__EXERCISE__.
Exactly as written, write out the lines below from the first to the one containing "A.PRESSE 26SS Leather Open Collar Shirt", inclusive. Pictures do not belong in the copy.

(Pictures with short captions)
>>>>>

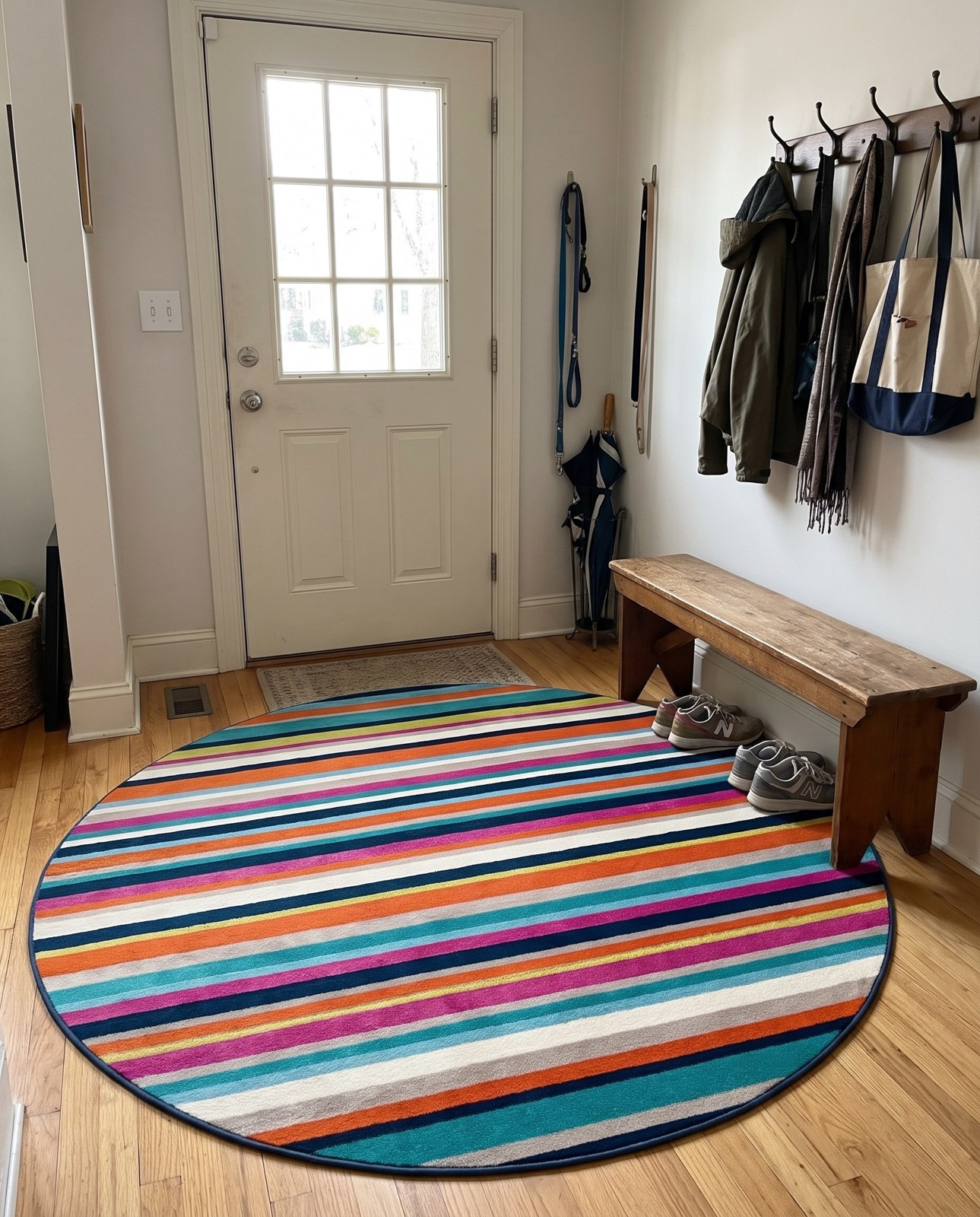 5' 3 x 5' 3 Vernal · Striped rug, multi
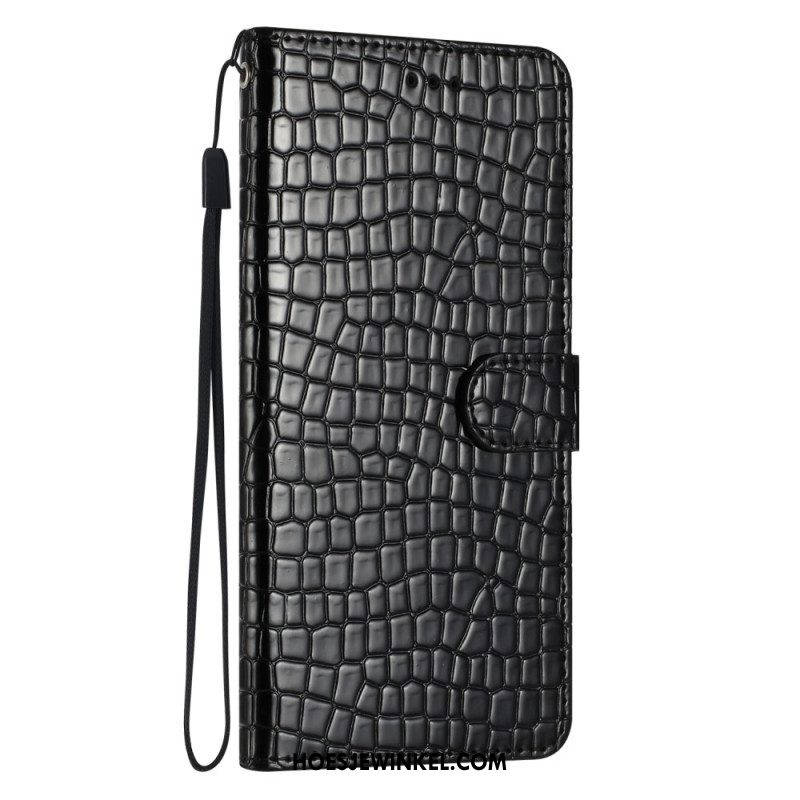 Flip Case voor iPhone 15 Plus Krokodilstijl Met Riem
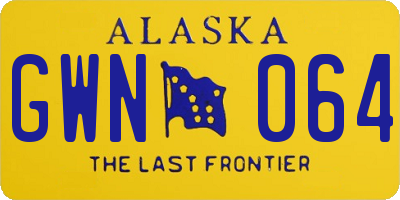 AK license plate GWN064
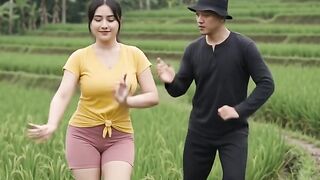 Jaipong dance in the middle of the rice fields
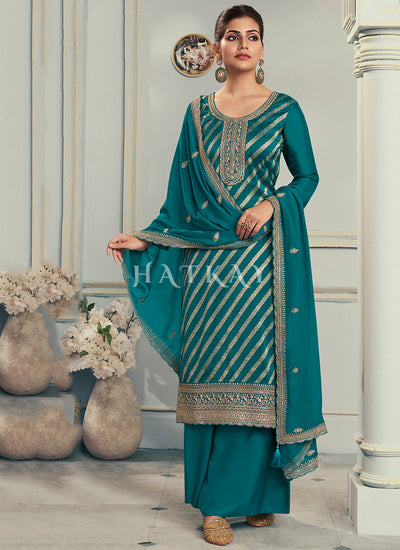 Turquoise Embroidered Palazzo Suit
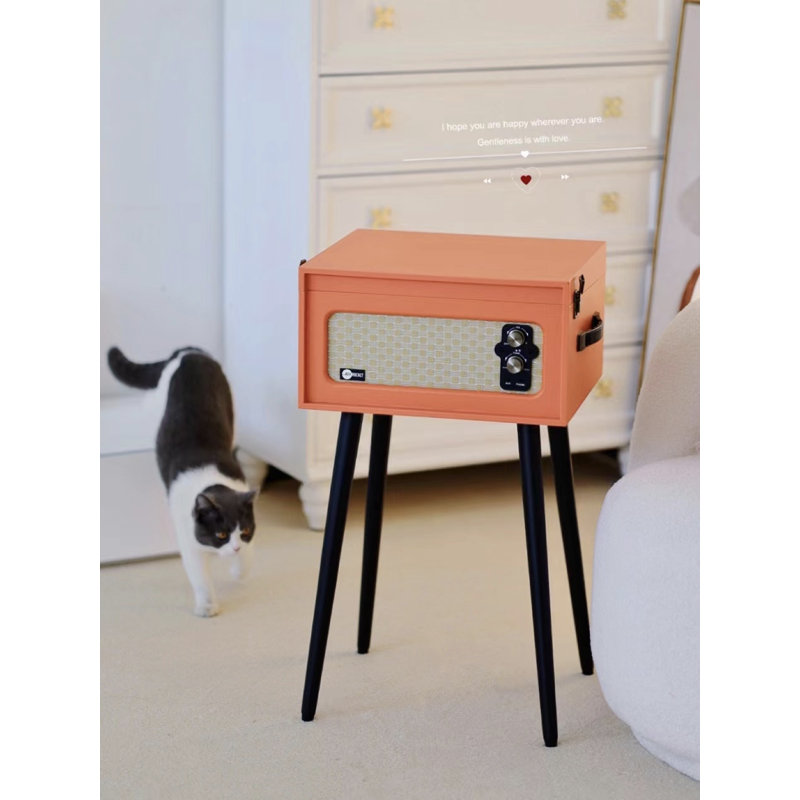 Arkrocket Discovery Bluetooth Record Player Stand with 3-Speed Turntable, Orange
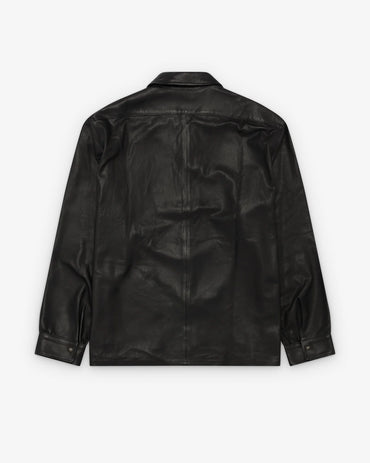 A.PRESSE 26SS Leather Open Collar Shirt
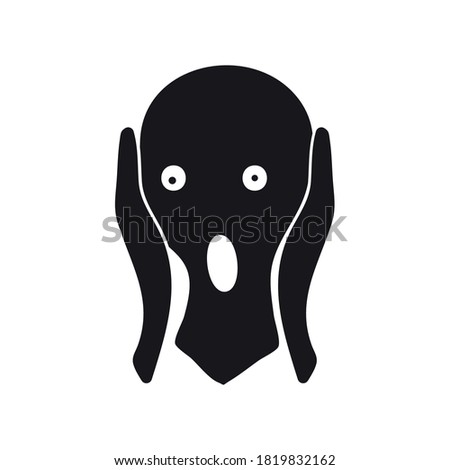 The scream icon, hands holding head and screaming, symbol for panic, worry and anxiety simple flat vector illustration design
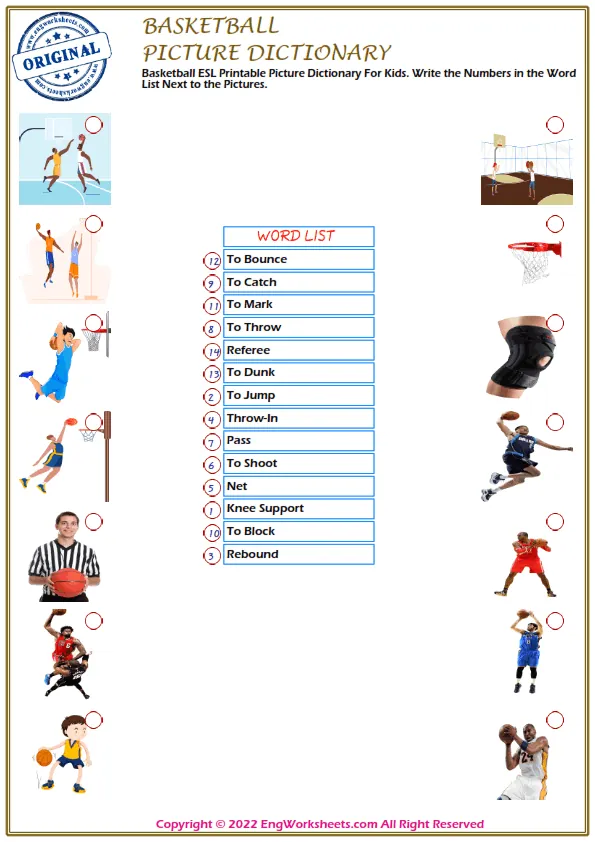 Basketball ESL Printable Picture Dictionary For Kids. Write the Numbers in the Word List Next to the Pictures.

<<<<<

__OUTPUT FOR THIS TASK__.
 5' 3 x 5' 3 Vernal · Striped rug, multi
 Flip Case voor iPhone 15 Plus Krokodilstijl Met Riem
 AK license plate GWN064
 Jaipong dance in the middle of the rice fields
 Turquoise Embroidered Palazzo Suit
 Arkrocket Discovery Bluetooth Record Player Stand with 3-Speed Turntable, Orange
 A.PRESSE 26SS Leather Open Collar Shirt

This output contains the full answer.